# Continuous Functions

• Apr 28th 2010, 03:13 AM
acevipa
Continuous Functions
This question seems fairly logical if you think about it as the two functions must intersect. How would you go about proving it?

$Suppose\ that\ f\ and\ g\ are\ continuous$ $functions\ on\ the\ closed\ interval\ [a,b]$. $Show\ that\ there\ exists\ a\ point\ c \in [a,b]$ $such\ that\ f(c)=g(c)\ if\ f(a) \leq g(a)\ and\ f(b) \geq g(b)$
• Apr 28th 2010, 03:20 AM
HallsofIvy
Quote:

Originally Posted by acevipa
This question seems fairly logical if you think about it as the two functions must intersect. How would you go about proving it?

$Suppose\ that\ f\ and\ g\ are\ continuous$ $functions\ on\ the\ closed\ interval\ [a,b]$. $Show\ that\ there\ exists\ a\ point\ c \in [a,b]$ $such\ that\ f(c)=g(c)\ if\ f(a) \leq g(a)\ and\ f(b) \geq g(b)$

Look at h(x)= f(x)- g(x).
• Apr 28th 2010, 03:32 AM
acevipa
Quote:

Originally Posted by HallsofIvy
Look at h(x)= f(x)- g(x).

Sorry, I still don't quite understand.
• Apr 28th 2010, 04:09 AM
Defunkt
What is the sign of h(a)?

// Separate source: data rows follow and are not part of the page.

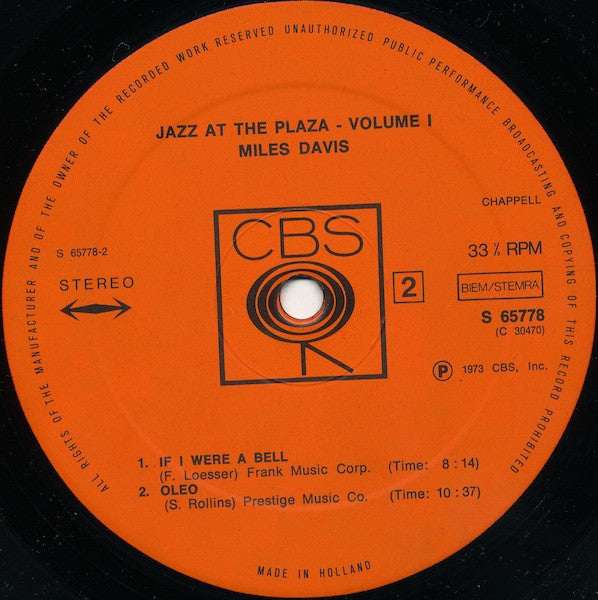 The Miles Davis Sextet ~ Jazz At The Plaza - Volume 1 (Vinyl) - Djungel & Jazz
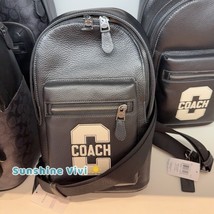NWT Coach Men&#39;s West Pack Varsity Motif Gunmetal/Black/Chalk CAJ60 - $209.00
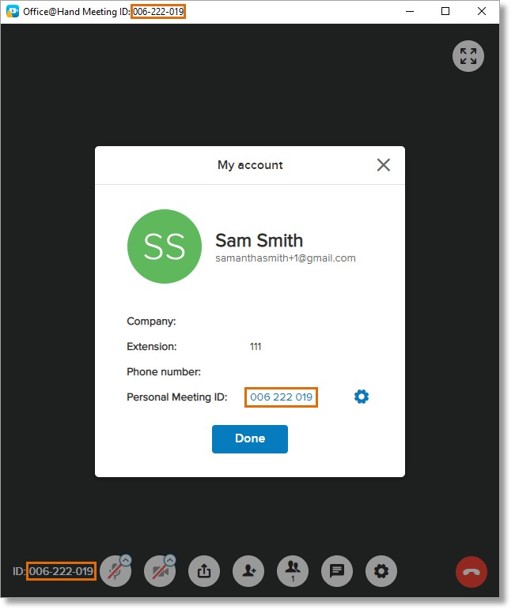 Your PMID will be visible when you start your meetings and should match on your account.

What is the sign of h(b)?
• Apr 28th 2010, 04:12 AM
acevipa
Quote:

Originally Posted by Defunkt
What is the sign of h(a)? What is the sign of h(b)?

Ok I see, so h(c)=0 as intercepts the x-axis. But how would you go about proving it still?
• Apr 28th 2010, 05:46 AM
acevipa
Would you say $h(a) \leq 0\ and h(b) \geq 0$

$Therefore,\ there\ exists\ a\ c \in (a,b)\ such\ that\ h(a)=0$
• Apr 28th 2010, 07:50 AM
Defunkt
Yep, that is exactly the intermediate value theorem: Intermediate value theorem - Wikipedia, the free encyclopedia
Note, though, that since you have a weak inequality, it is possible that $c \in [a, b]$ ie. $c=a$ or $c=b$.